** Aim of the task **
Repeat only the lines below from the one that contains "42 River Rock" through the final line, exactly. Omit pictures.

** Given information **
┌──

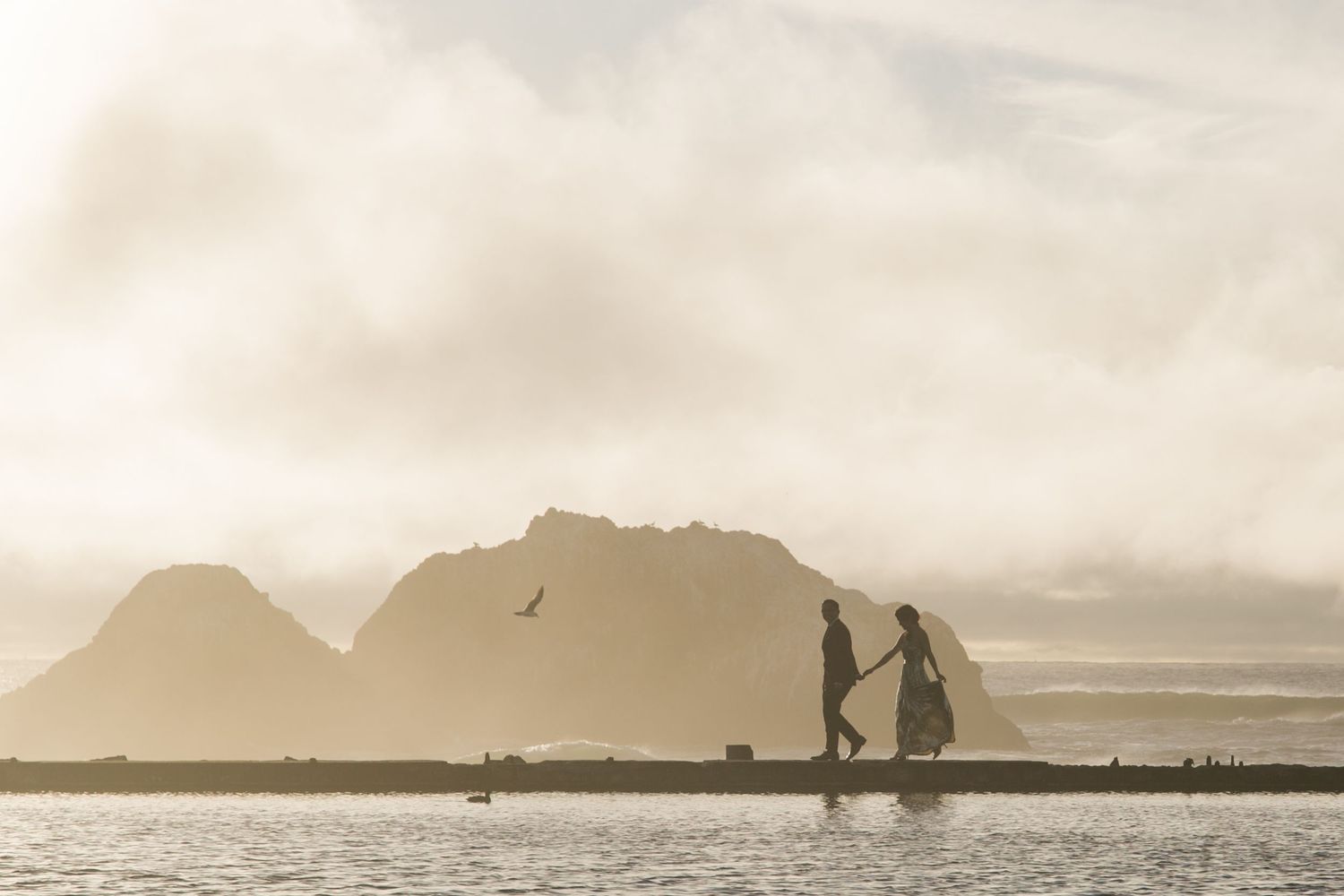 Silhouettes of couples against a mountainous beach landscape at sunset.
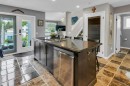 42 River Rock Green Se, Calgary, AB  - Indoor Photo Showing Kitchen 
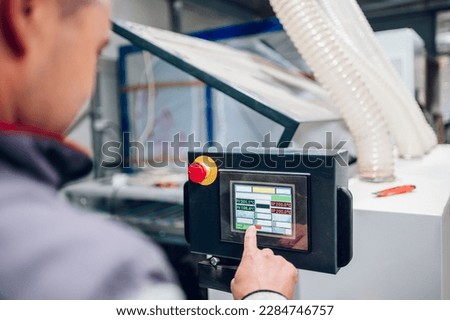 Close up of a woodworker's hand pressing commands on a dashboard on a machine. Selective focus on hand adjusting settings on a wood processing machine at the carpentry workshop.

└──

** Task answer **
 42 River Rock Green Se, Calgary, AB  - Indoor Photo Showing Kitchen 
 Close up of a woodworker's hand pressing commands on a dashboard on a machine. Selective focus on hand adjusting settings on a wood processing machine at the carpentry workshop.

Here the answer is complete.